Doğa gülümsemiyor muydu ona?
Neden şimdi kararmıştı, neden titriyordu Eurydice tenine değen rüzgarla?
Demeter neden kızmıştı ona? O da Zeus’un şimşeklerine eşlik mi edecekti artık?
Kulaklarında yankılanan o tanıdık ve tatlı ses, güçlenmeye başladı. Güçlendi, güçlendi, Eurydice’nin kafasındaki senfoni yerini haykırışlara bırakana kadar güçlendi, ses yükseldikçe Eurydice sessizliği talep etti, elleriyle kapattı kulaklarını, dizleri titriyordu, yere çöktüğünü fark etmedi bile. Sessizlik istiyordu artık, kız kardeşi değildi bu, kız kardeşi onu üzmezdi, bağırmazdı ona, kız kardeşinin çığlığı değildi bu, kimindi, kimdi, ne istiyordu, neydi-
Sonra her şey sessizleşti.
Eurydice korku içinde gözlerini açtığında, kızgın gökyüzü yoktu artık. Her yer hiçlikti.

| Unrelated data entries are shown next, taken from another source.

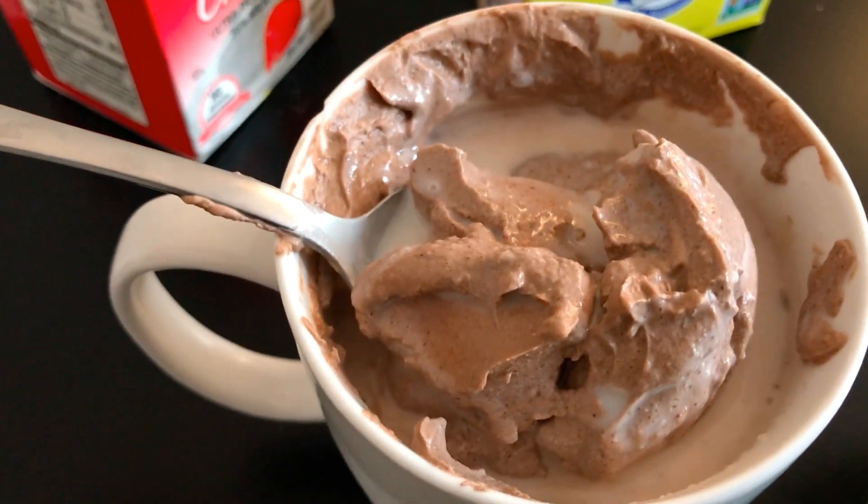Now you just take a cup and fill it with milk and put your whipping cocoa right on top of it, and you're done! That's it for today's video — enjoy your whipping cocoa. This is really great for people who don't like coffee or the taste of coffee.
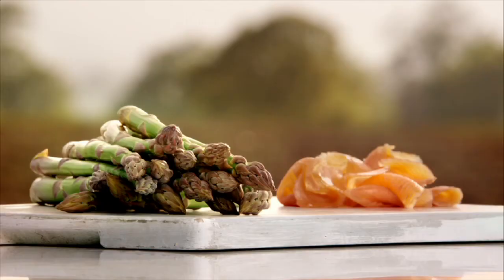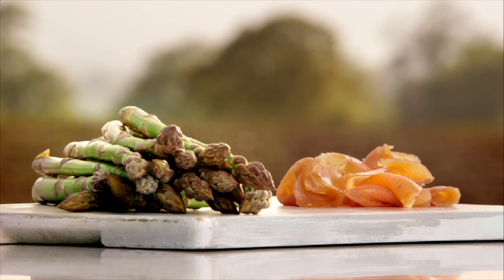Pick up Heston's recipe card at your local Waitrose or go online. And right now, save a third on British asparagus and tea smoked salmon. You're welcome.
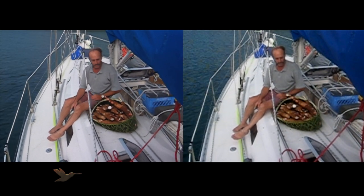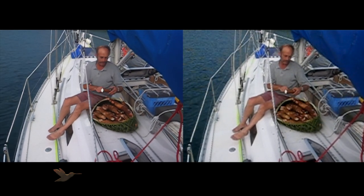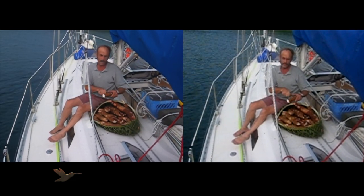This basket full of manioc or tapioca cost $5 at the market. $5 tainga.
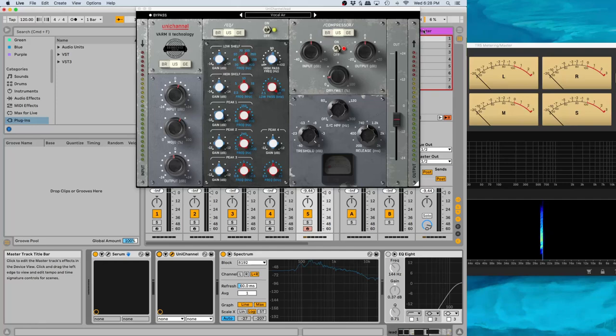Hey, it's Luke. Today I want to look at this plugin called Unit Channel from United Plugins. Full disclosure before we get started: the developers did send me a license of this for this review, but I wasn't paid or anything, and they never told me what to say. So it's an unbiased review.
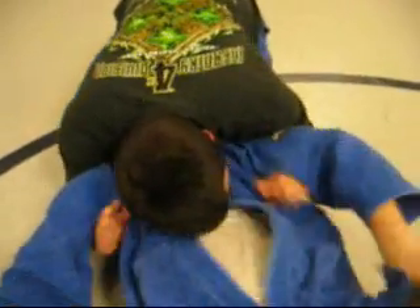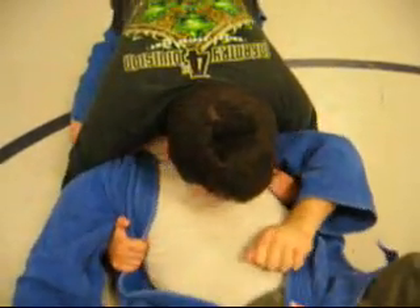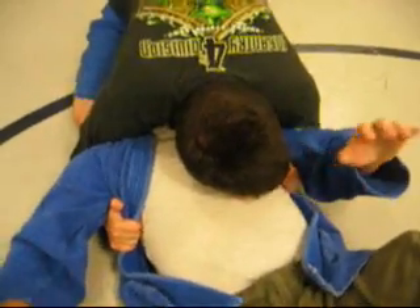I come up under, pull the lapels nice and back so I get good grips. If he's nice and light, I can just pull him all the way up and back.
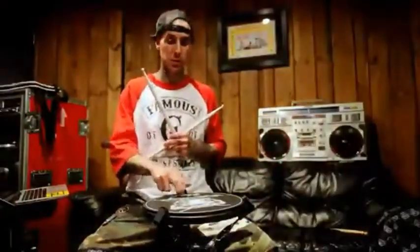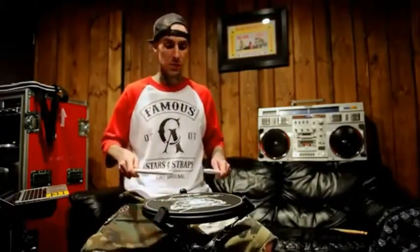Another exercise I like to do goes between double strokes to single strokes, to double strokes, then singles to doubles to singles — kind of like a paradiddle pattern in between doubles and singles.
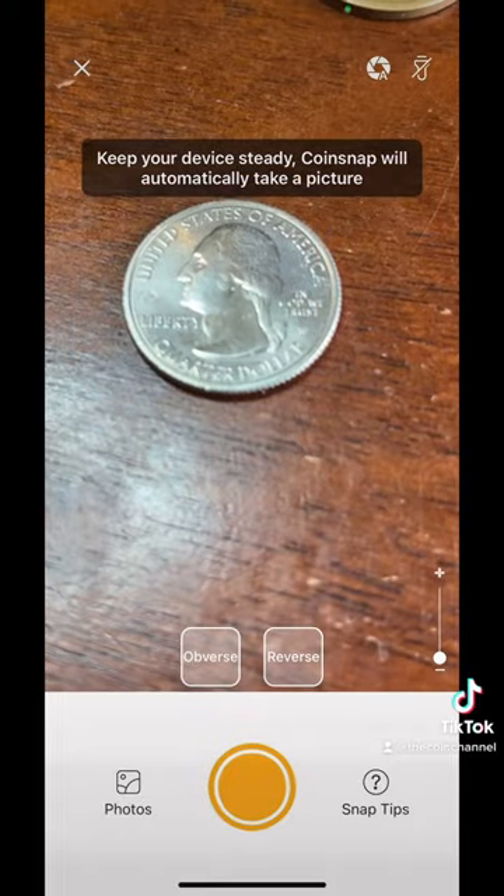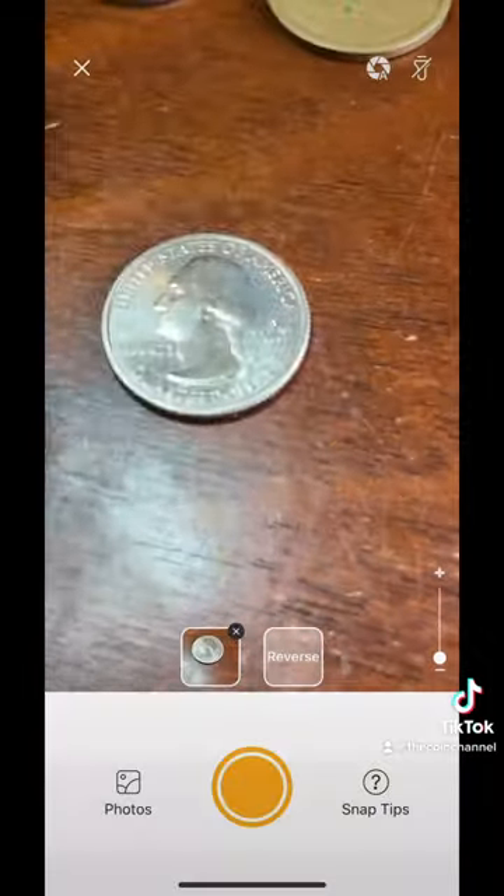The app is open. Let's scan the coin — there's the front. Let's turn it over and scan the back.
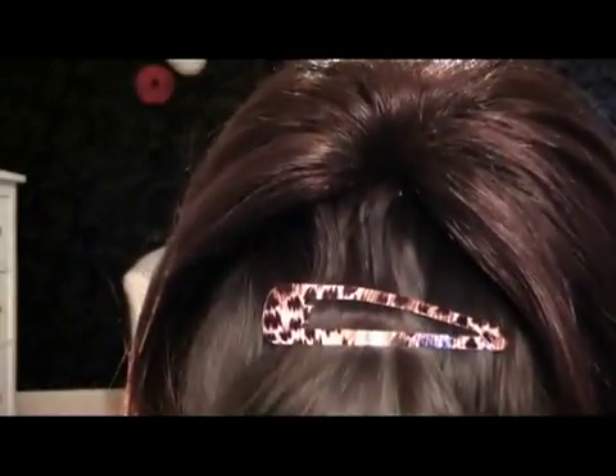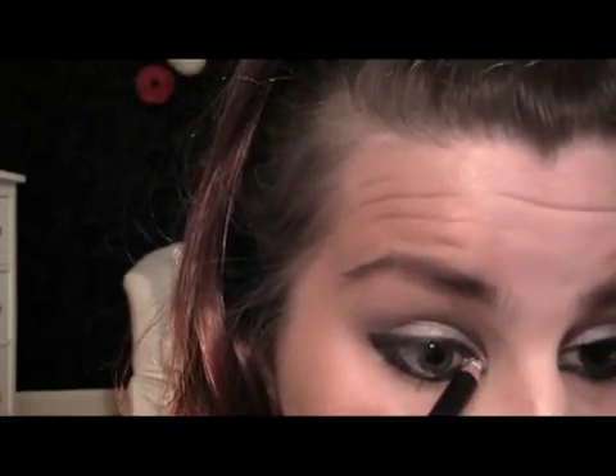Then I'm going to stick some white pencil — it's by NYX. I'll just get the black off it — it's white and you usually put it on your waterline to make your eyes look bright and wide awake. You can get pink ones and flesh colour ones, but I'm just using this basically in the inner corner just to bring it and highlight it a bit.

Durduğu yer, ölüm kokuyordu. Duyduğu tek ses, bir köpeğin havlamasıydı. Tekrar havladı. Tekrar havladı. Üçüncüde sustu. Pür sessizlik hakimdi artık buraya. Sevdiği adamın müziği neredeydi? Okyanus nereye kaybolmuştu? Kız kardeşi mi getirmişti onu buraya yoksa? Burada mı buluşacaktı onunla?

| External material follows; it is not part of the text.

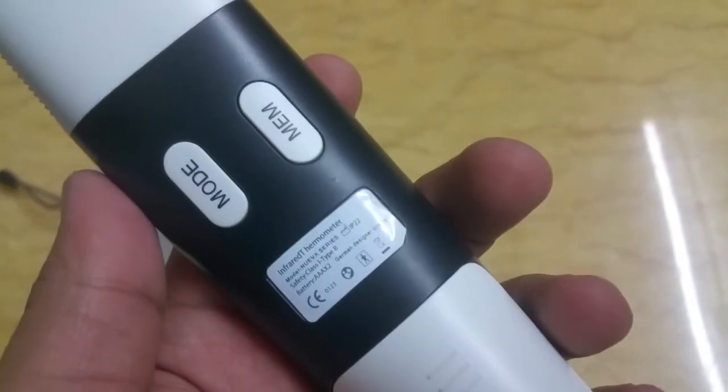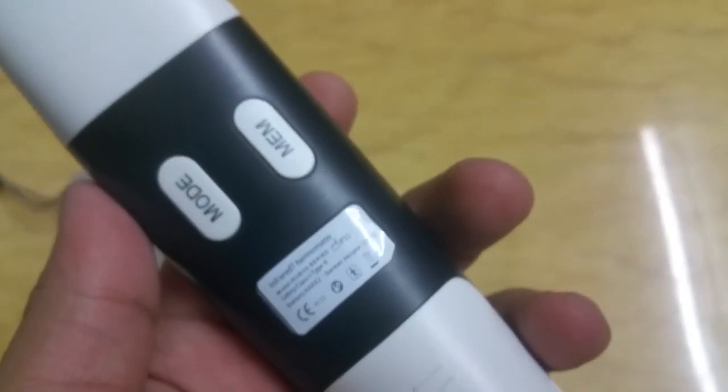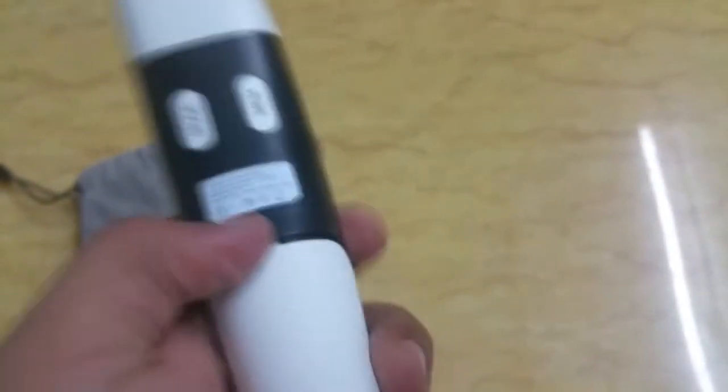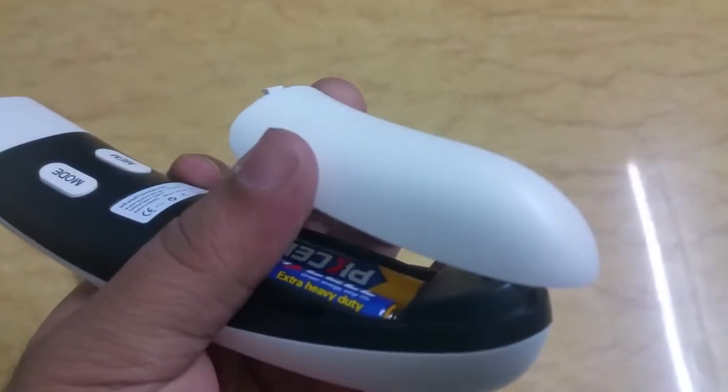Number one, it is very cheap — you can buy it for about $50, or 1,100 rupees if you are in India. This is how it looks like, and it has a couple of buttons at the back: one is the mode button and the second is the menu button.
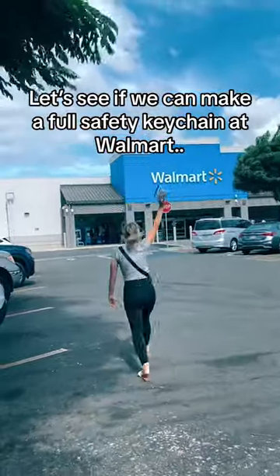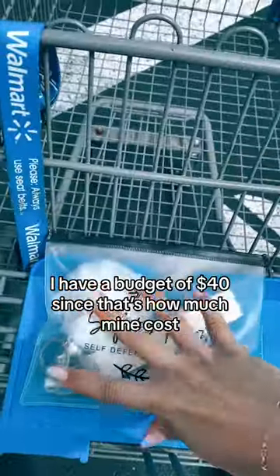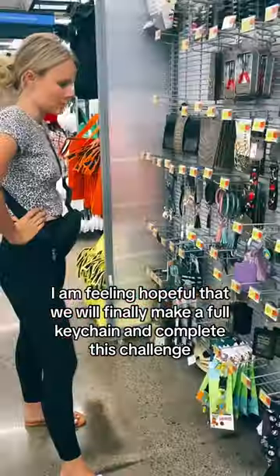Let's see if we can make a full safety K-Cane at Walmart. I have a budget of $40, since that's how much mine cost. I am feeling hopeful that we will finally make a full K-Cane and complete this challenge.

Eurydice korkuyordu. İleriye doğru, titrek, birkaç adım attı. Hiçlik içinde yankılandı ayak sesleri. Böylece koşmaya başladı. Koştu, koştu, nefesini tüketene kadar koştu, sevgilisine koştu, kız kardeşine koştu. Bir aydınlık görene kadar koştu.
Adımlarını umut içinde atan kadın, birazdan ölülerin tanrısı ile tanışacağından habersizdi.
Gördüğü şey yıldızların aydınlığı değil, titrek bir alevin parıltısıydı. Gökyüzü, huzurun mavisiyle değil, ateşlerin öfkeli kızılıyla kaplıydı.